Second-wave feminists – those who were active in the 1960s and 70s – saw that the job was only half done. Women had the legal right to do all those things but social pressures tended to constrain them. Second-wave feminists saw a clear need to change social attitudes and even social structures. And there was a need.
To second-wave feminists, then, equality meant being able to do anything that a man did; being able to compete with men on an equal footing. They borrowed from the rhetoric of other civil rights movements, and began to talk about oppression – not just by the patriarchal structures of society (which would, in my view, have been a fair call) but also by individual men – all individual men – against individual women. And they saw marriage and babies – especially babies – as the tools of oppression.
We were in the middle of a gender war, men were the enemy, and our own instincts were their best weapon.
This led to some real silliness in the 1970s.

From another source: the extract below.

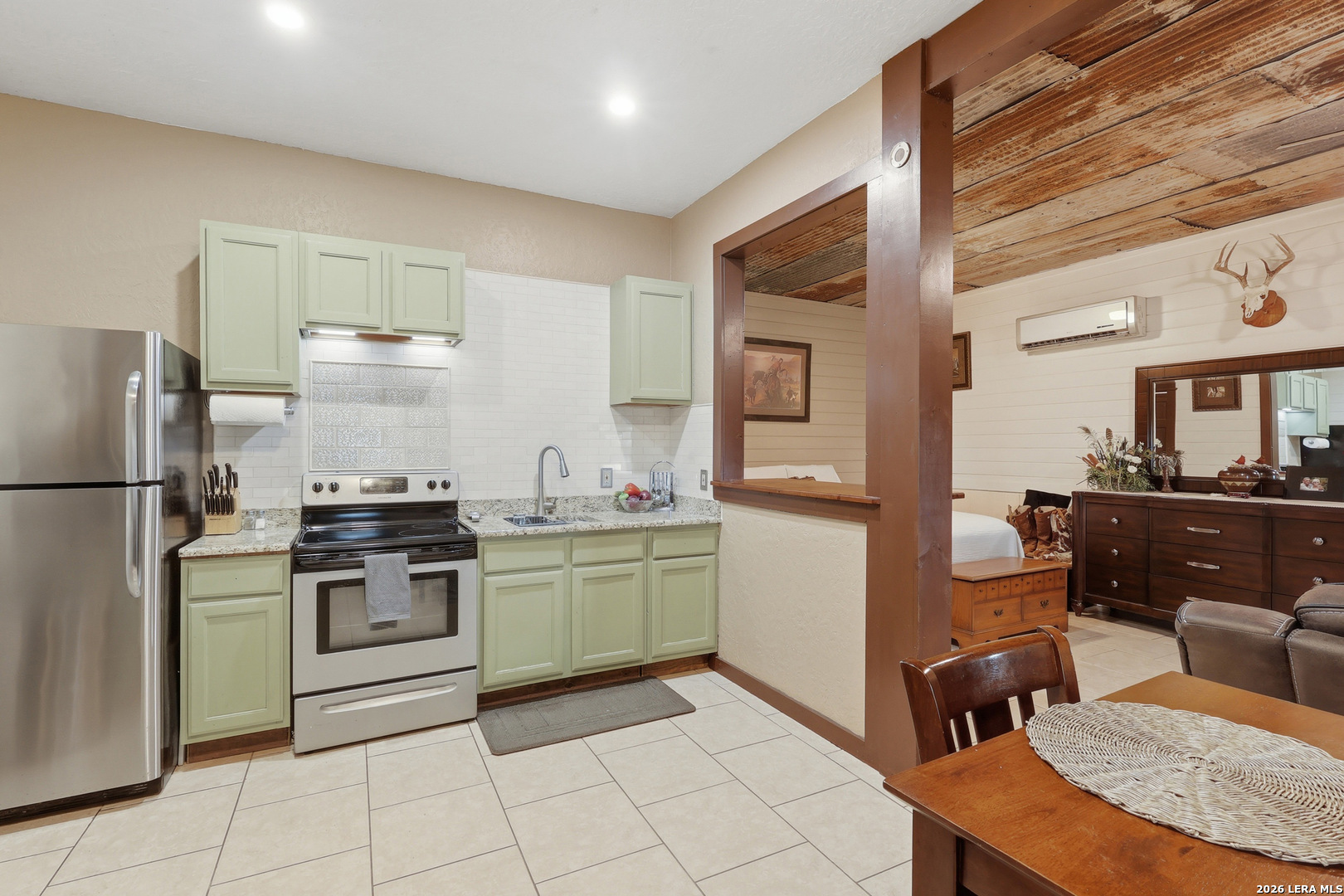10085 Fm 775 La Vernia TX 78121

Here are three anecdotes by way of example.
I can remember being roundly abused by a woman at work when I said I would take my husband’s name when we married. She was not much impressed by my response – that I currently had my father’s surname, and I liked my husband to be more than I liked my father.
On another occasion, I went to a ‘feminist consciousness raising’, meeting while my oldest child was at kindergarten. I was pregnant with my third child and accompanied by my second (a son). The organiser expressed an earnest wish that my nearly due child would be a daughter, and explained how ashamed I should be to have a son.
And my husband tells of a friend who opened a door for his (male) companion, then continued to hold it for an approaching woman. She went through the doorway, then rounded on him and slapped his face for presuming to think she was not capable of opening a door.
And what can I say about third-wave feminists? As far as I can tell, there are a number of groups to which the tag might be applied – and they agree on little. One common thread appears to be that independent women are promiscuous (and, by corollary, women who are not promiscuous are not independent).
In illustrating the differences between the sexes, the three waves of feminism all caricatured men, but in quite different ways. To first-wave feminist, men were fundamentally barbarians who could be contained and refined by the civilising power of a woman. To second-wave feminists, men were oppressors and rapists, and women were better off without them. To third-wave feminists, men are bumbling, effete, incompetents, to be used and ignored.